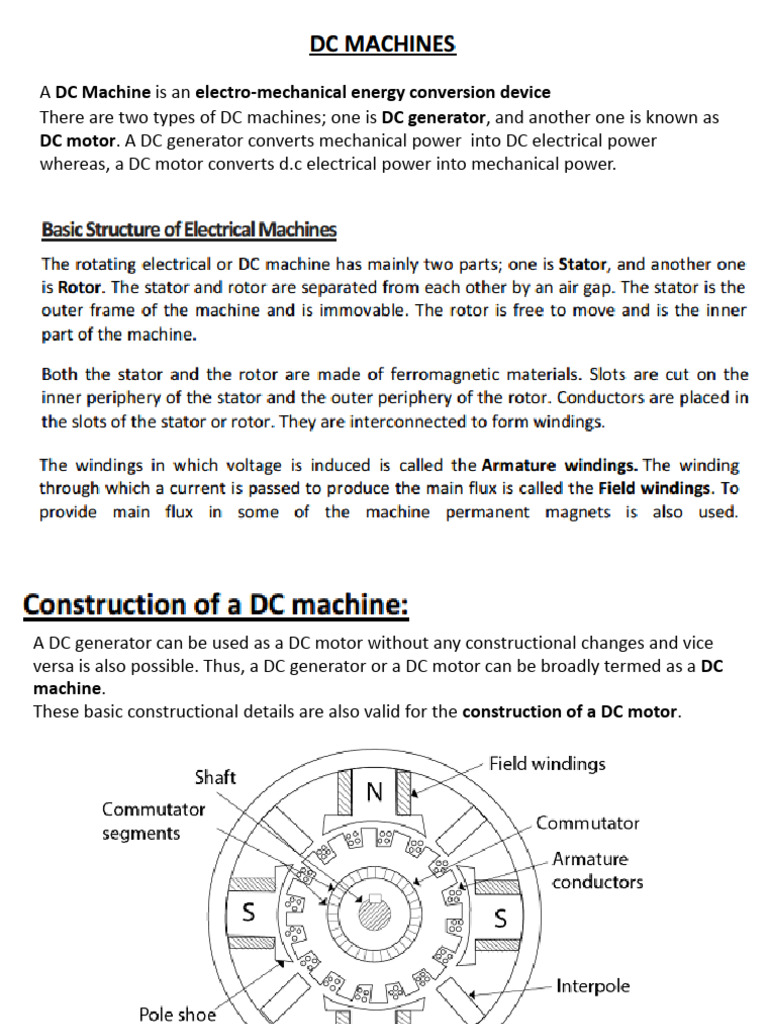 Dc Machine Notes | PDF | Electric Motor | Electric Generator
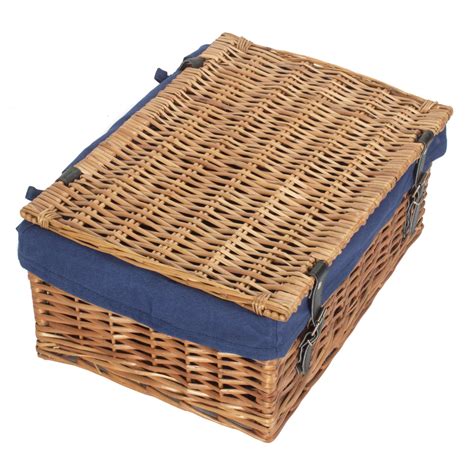 18 Inch Split Willow Hamper With Navy Blue Lining And Wovenhill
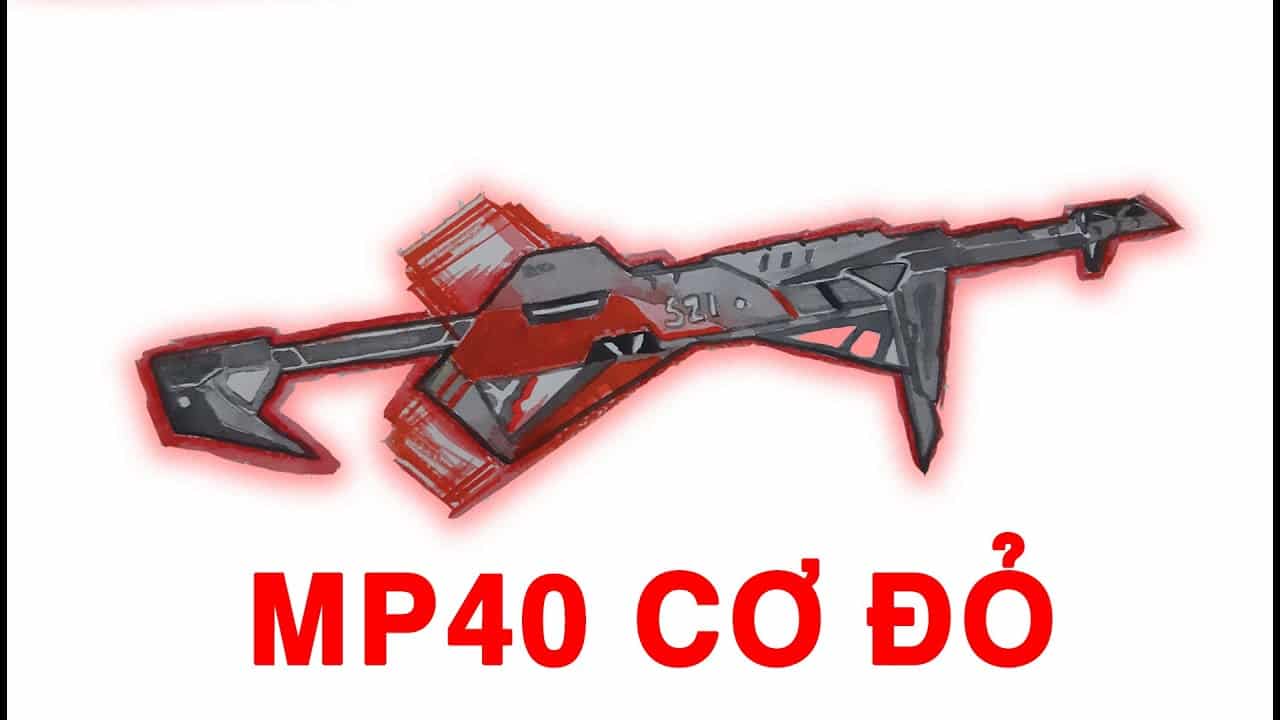 Kiểu ảnh vẽ skin súng mp40 cơ đỏ đặc sắc
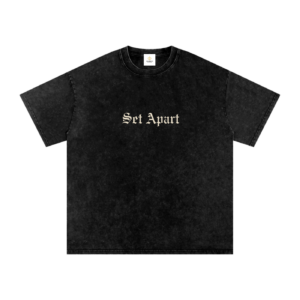 Front view of Set Apart Heavyweight Tee in Vintage Washed Black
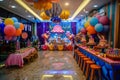 Vibrant birthday venue adorned with colorful decorations, inviting and festive ambiance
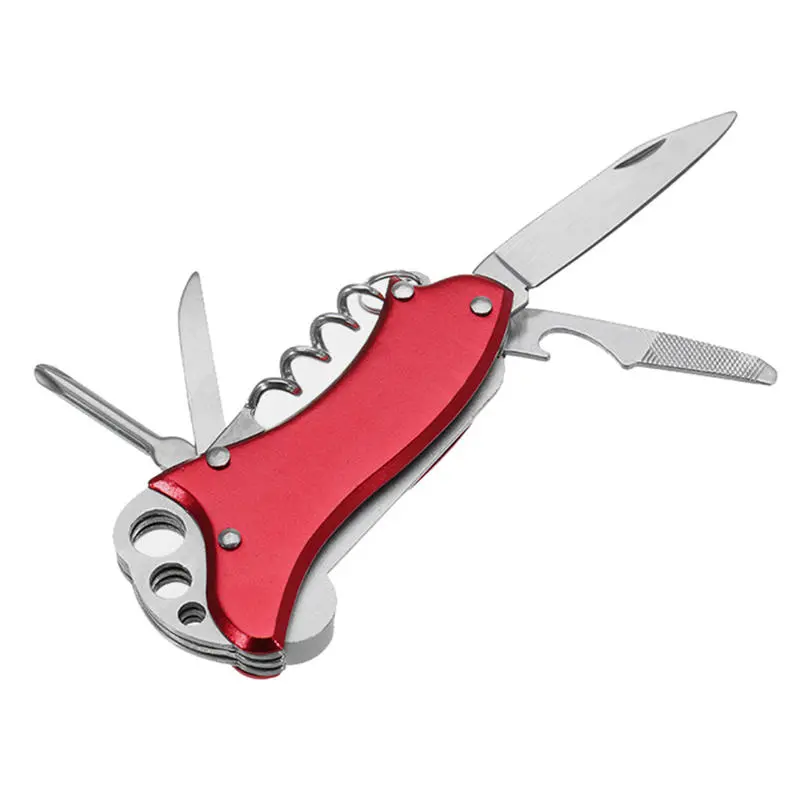 K MASTER 8 in 1 Multifunction Mini Folding Knife Tools Fishing Line Cutter Saw Screwdriver Key Chain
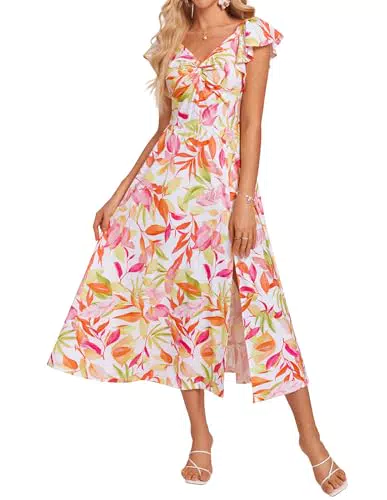 Damen Printkleid mit Rüschenärmeln und V-Ausschnitt für Strandurlaube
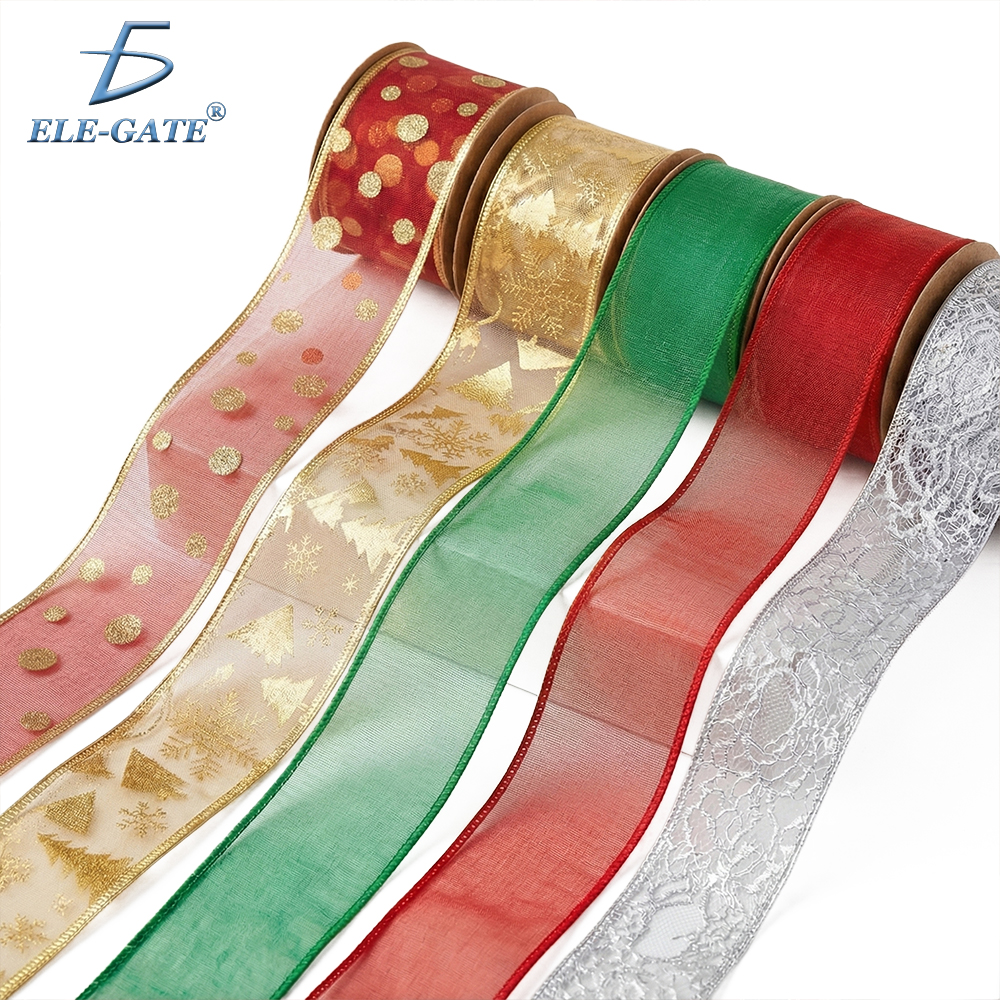 Listón Transparente de Tela Brilloso 10 Metros con Patrones Festivos – Rojo, Plateado, Verde y Dorado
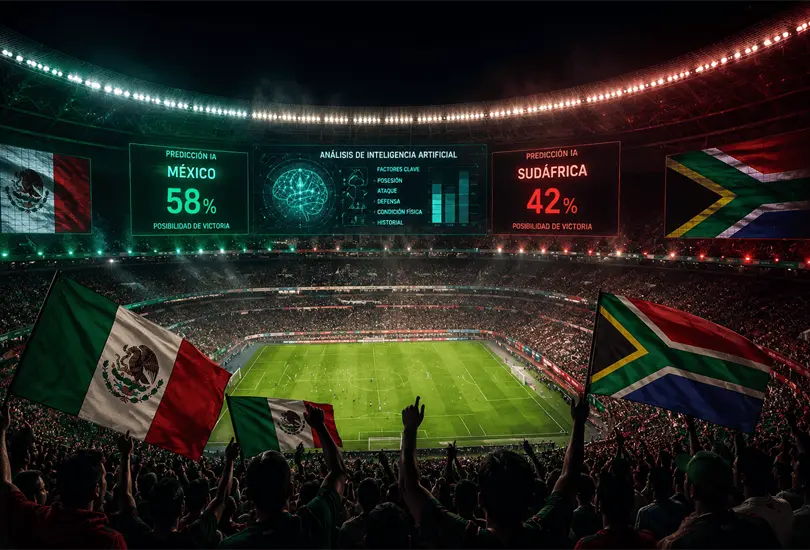 La inteligencia artificial anticipa triunfo de México en el debut mundialista ante Sudáfrica. La inteligencia artificial anticipa triunfo de México en el debut mundialista ante Sudáfrica.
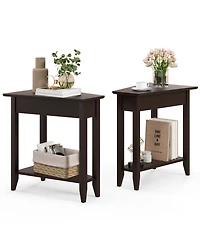 Gouun 2-Tier Wedge Narrow End Table with Storage Shelf and Solid Wood Legs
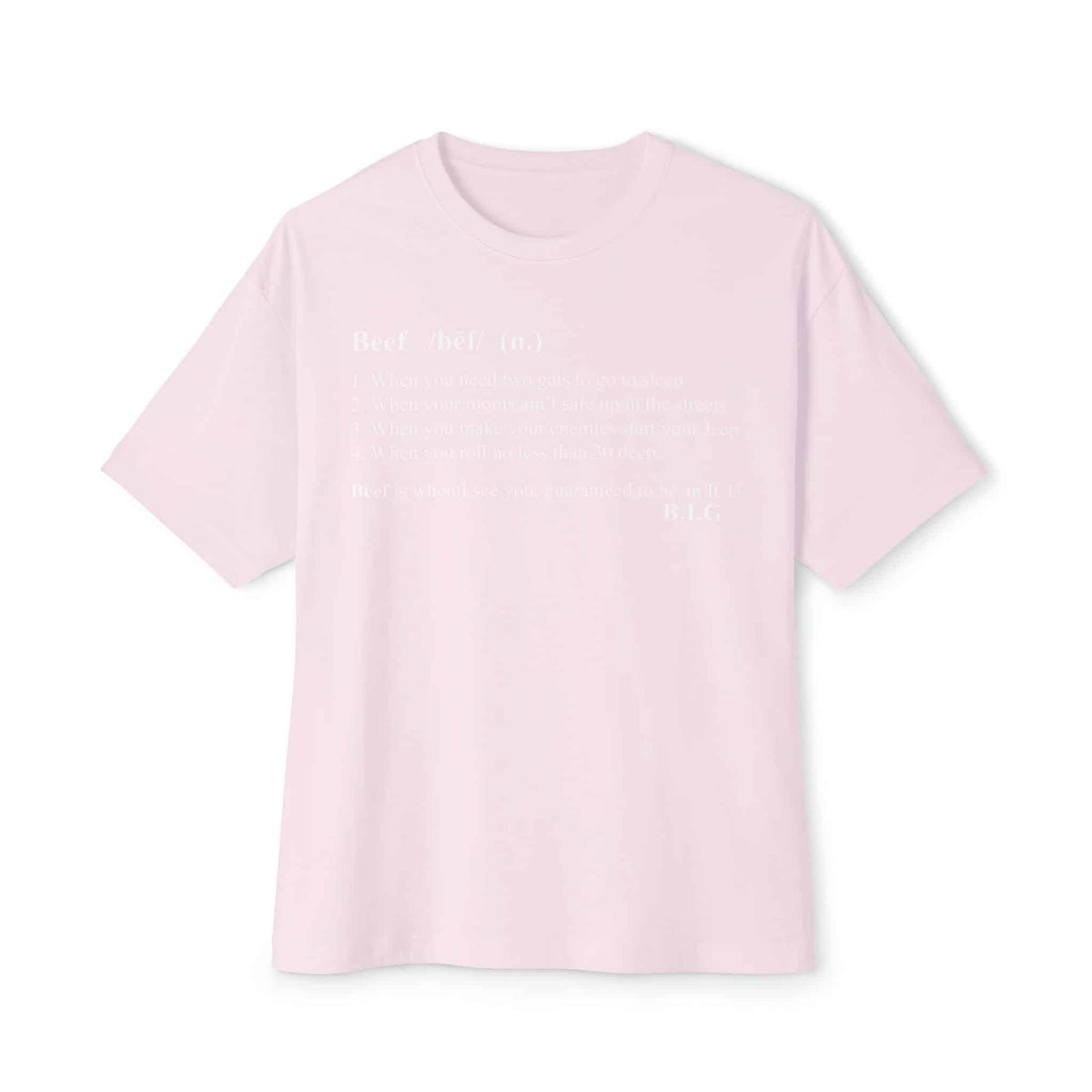 Beef Definition Unisex Oversized Boxy Tee - Soft Pink, XL image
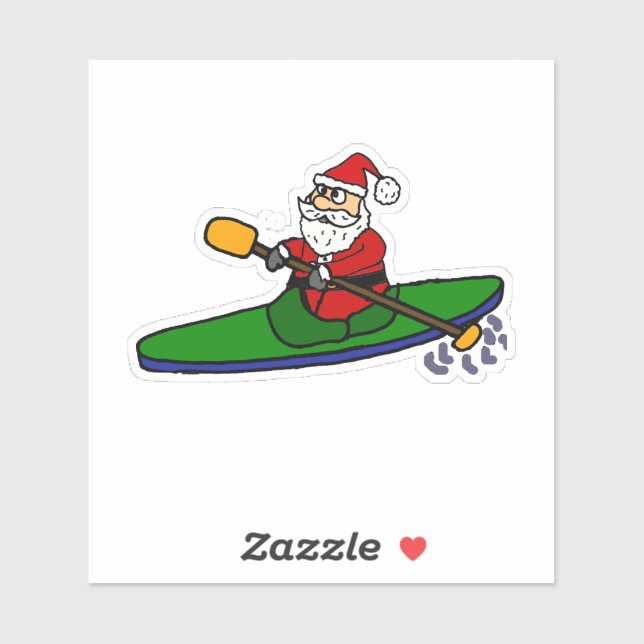 Pegatina Funny Santa Claus Kayaking Christmas Cartoon (Hoja)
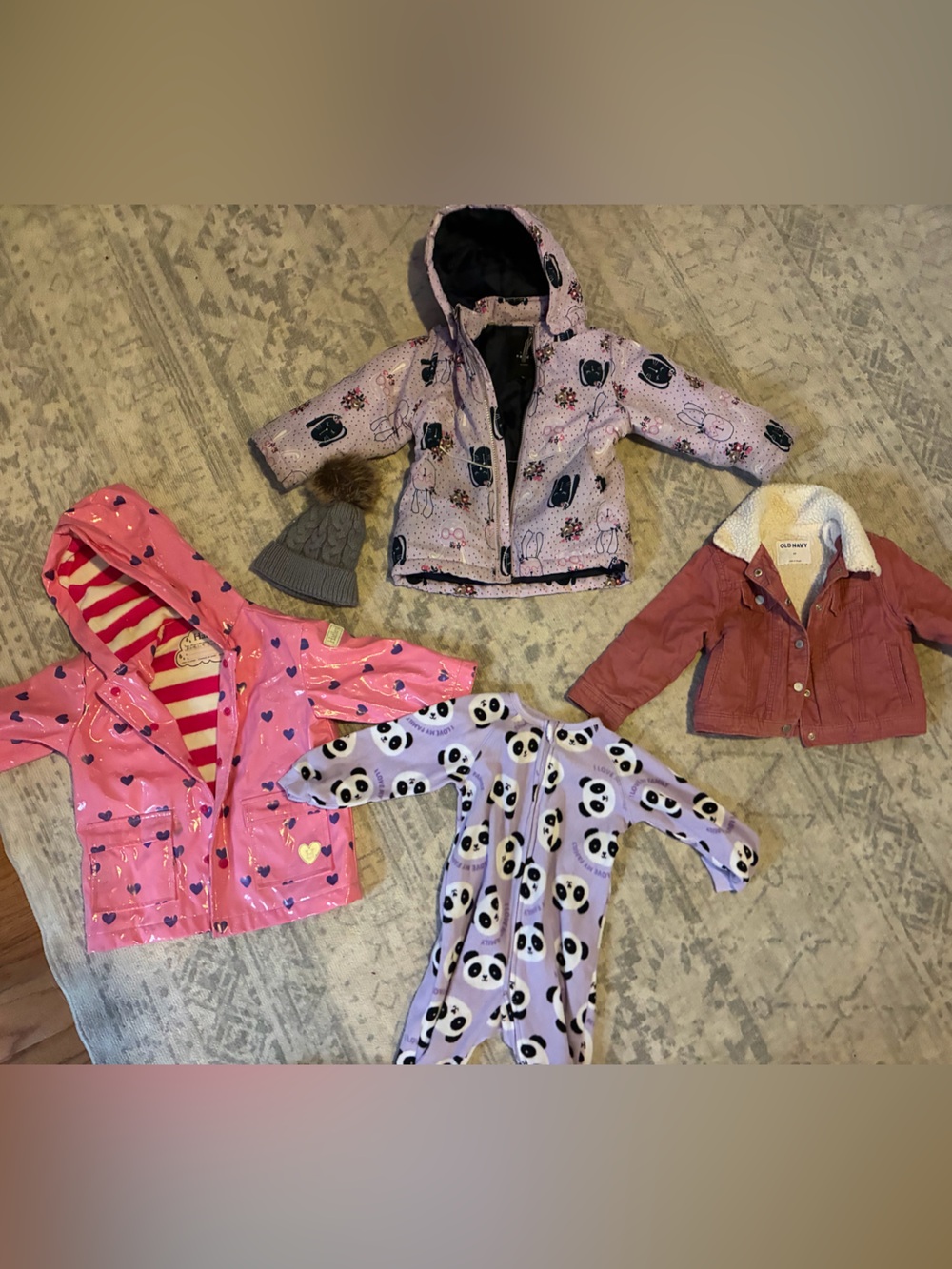 Assorted Girls Outerwear Bundle — Pink, Lavender, Mauve Jackets + Panda Sleeper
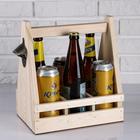 Ящик для пива 27×18×30 см  с открывашкой, под 6 бутылок, деревянный - фото 8980808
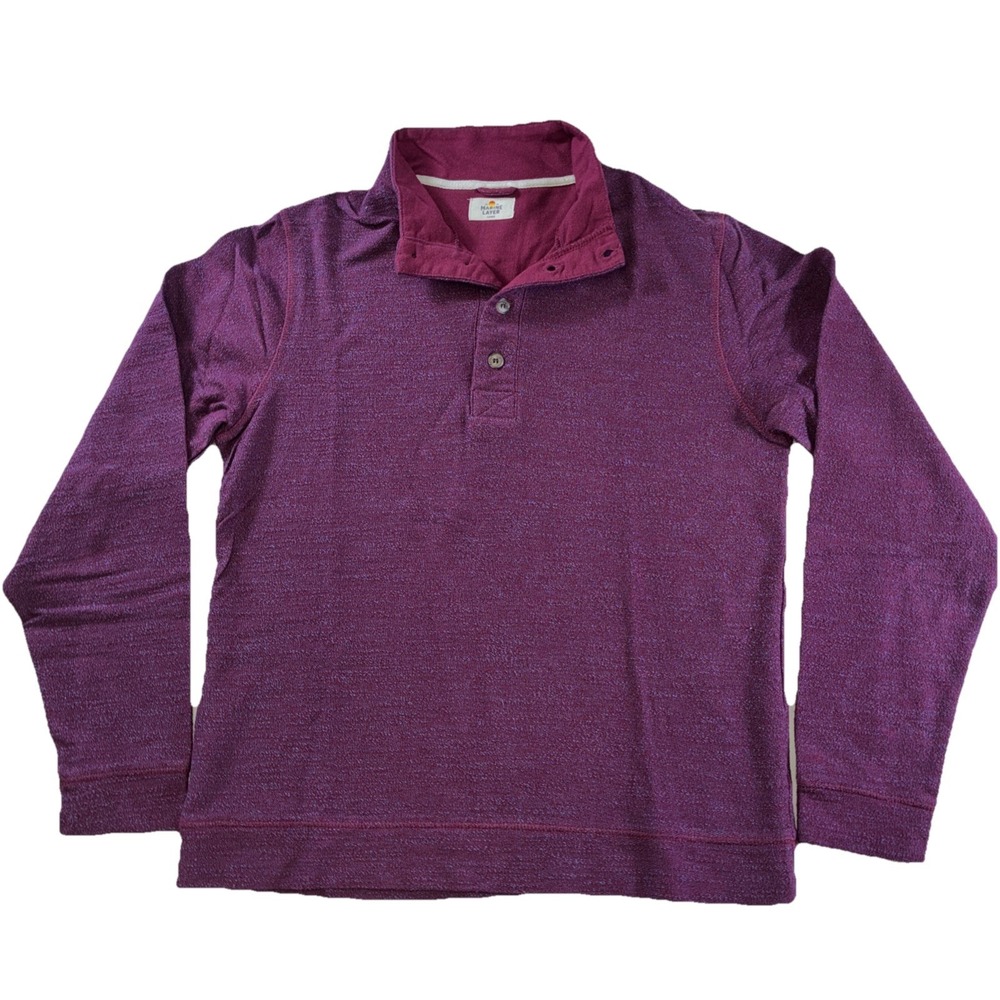 Marine Layer Mens Purple Space Dye Quarter‎ Button Pullover Sweater Large 12789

## Task statement
Set down again, word for word, every line from the one with "Vibrant birthday venue" to the one with "Listón Transparente de" in the entries above, and omit the pictures.

## Result of the task
 Vibrant birthday venue adorned with colorful decorations, inviting and festive ambiance
 K MASTER 8 in 1 Multifunction Mini Folding Knife Tools Fishing Line Cutter Saw Screwdriver Key Chain
 Damen Printkleid mit Rüschenärmeln und V-Ausschnitt für Strandurlaube
 Listón Transparente de Tela Brilloso 10 Metros con Patrones Festivos – Rojo, Plateado, Verde y Dorado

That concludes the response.